[Opening INFORMATION SUPPLIED section]

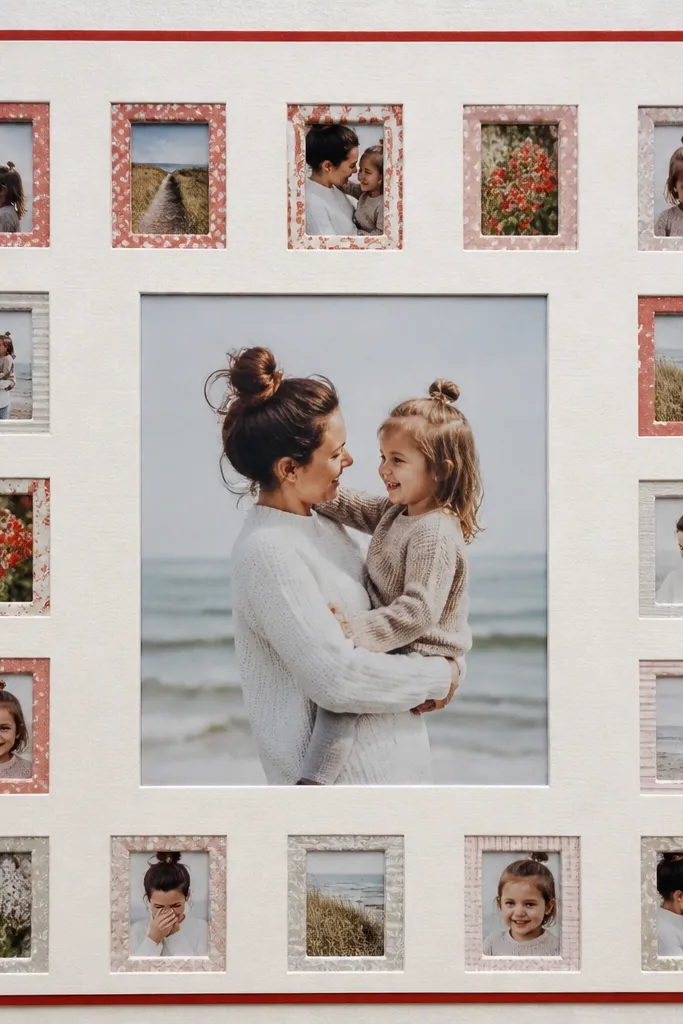 A page with a grid of small rectangular openings made from patterned paper windows. Behind the windows are mini photos, and a larger 4x6 photo sits centered. A thin red border frames the whole page.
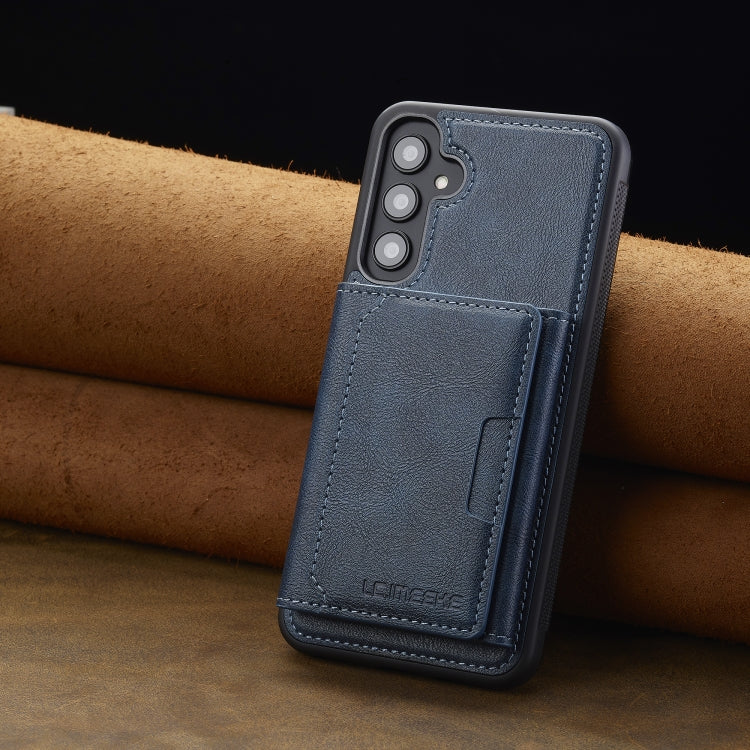 For Samsung Galaxy S23 FE 5G LC.IMEEKE L5 Series Detachable RFID Card Bag Magsafe Phone Case(Blue)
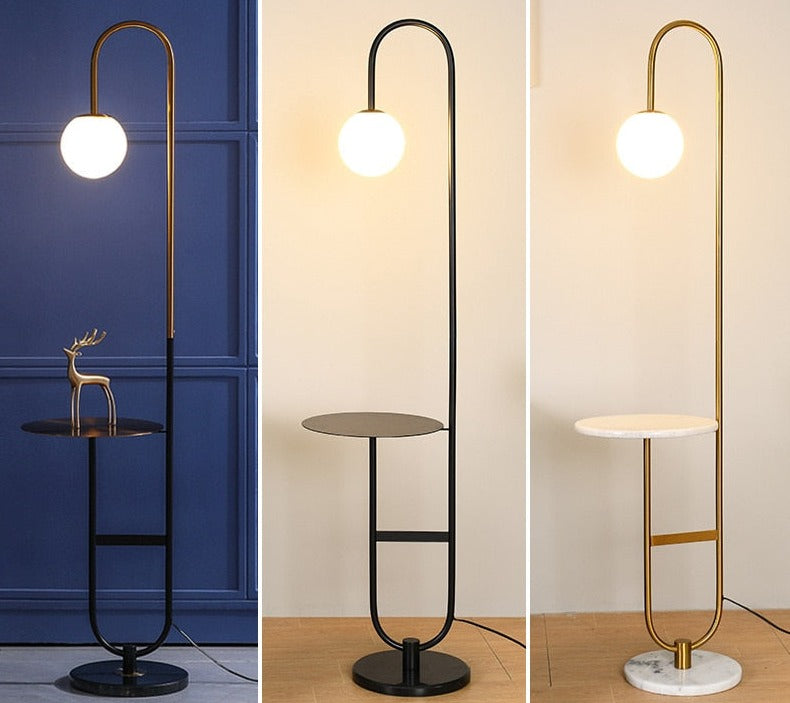 Lampadaire Scandinave avec Table Intégrée - Éclairage Économe et Design Élégant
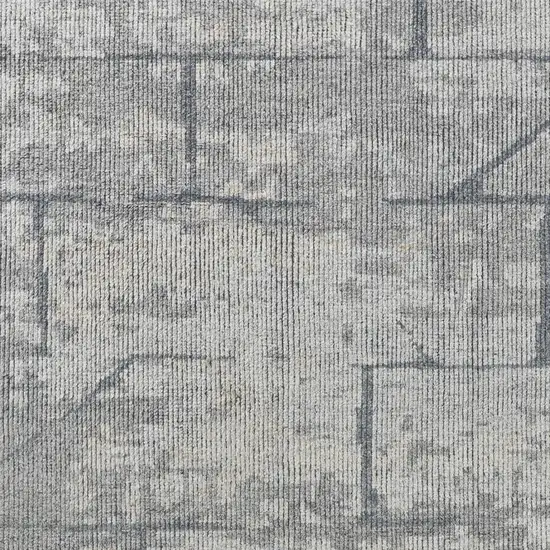 Gray and Silver Wool Abstract Hand Knotted Worn Faded Area Rug Photo 6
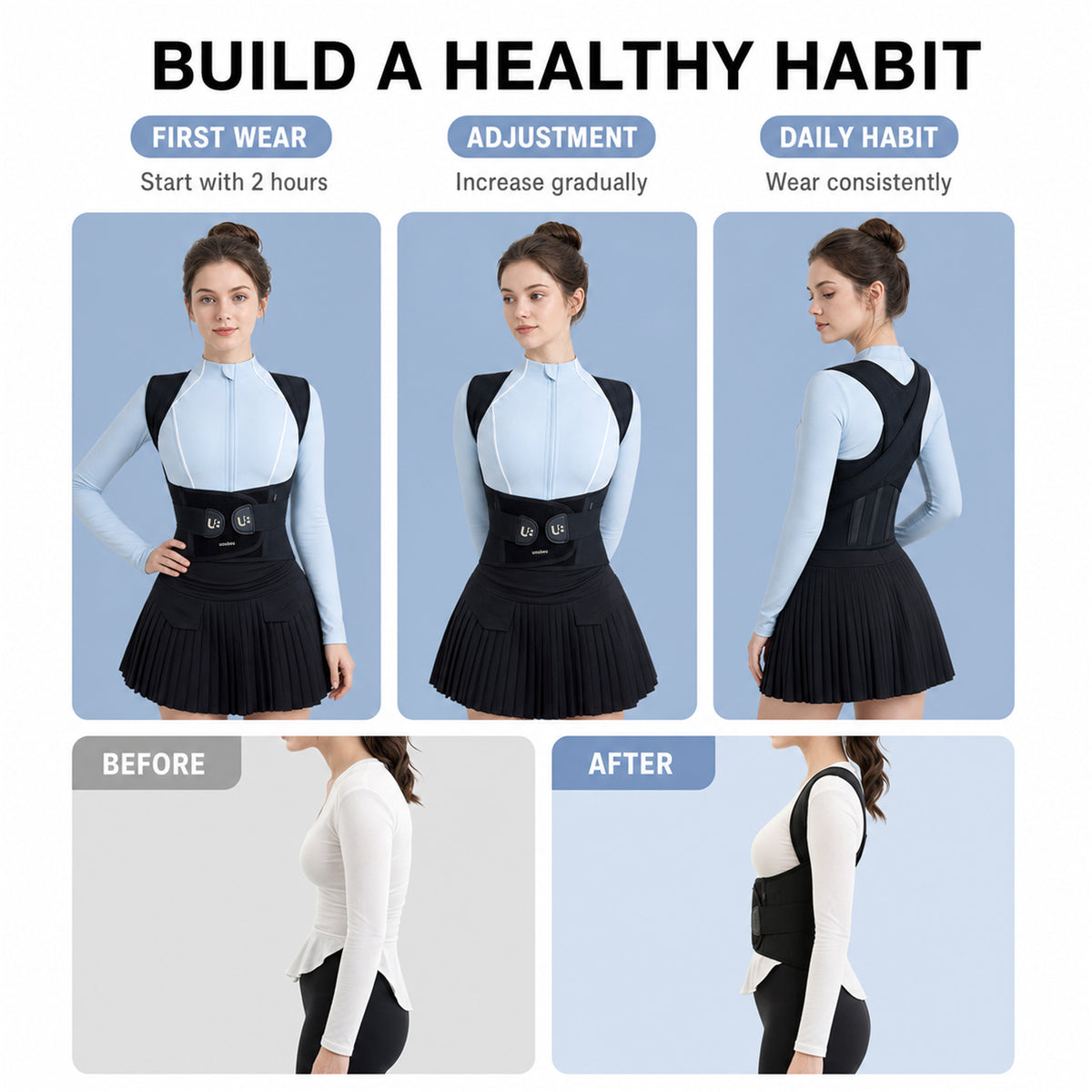 UOUBEO E9 Enhanced Comfort Back Support Belt – Reinforced Lumbar Brace for Men & Women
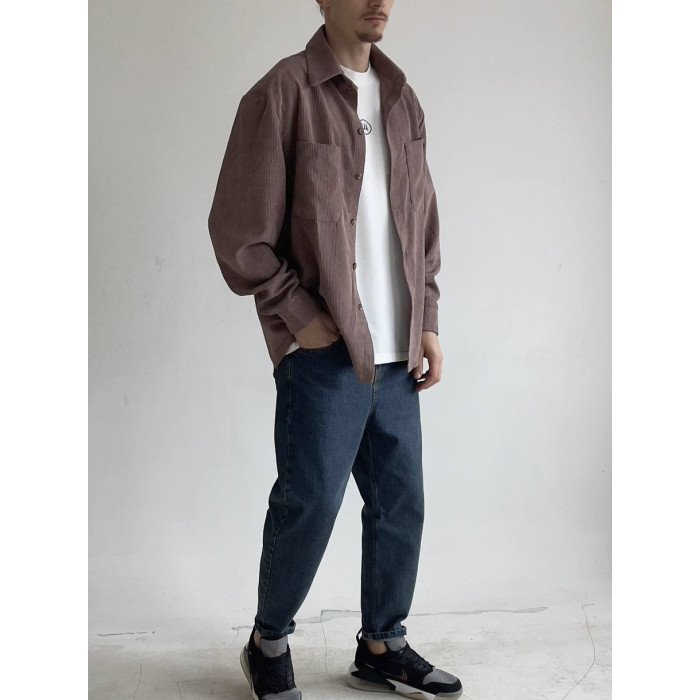 Вельветова oversize сорочка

[Closing INFORMATION SUPPLIED section]

A faithful copy of the records above, without images, is what to give back.

 A page with a grid of small rectangular openings made from patterned paper windows. Behind the windows are mini photos, and a larger 4x6 photo sits centered. A thin red border frames the whole page.
 For Samsung Galaxy S23 FE 5G LC.IMEEKE L5 Series Detachable RFID Card Bag Magsafe Phone Case(Blue)
 Lampadaire Scandinave avec Table Intégrée - Éclairage Économe et Design Élégant
 Gray and Silver Wool Abstract Hand Knotted Worn Faded Area Rug Photo 6
 UOUBEO E9 Enhanced Comfort Back Support Belt – Reinforced Lumbar Brace for Men & Women
 Вельветова oversize сорочка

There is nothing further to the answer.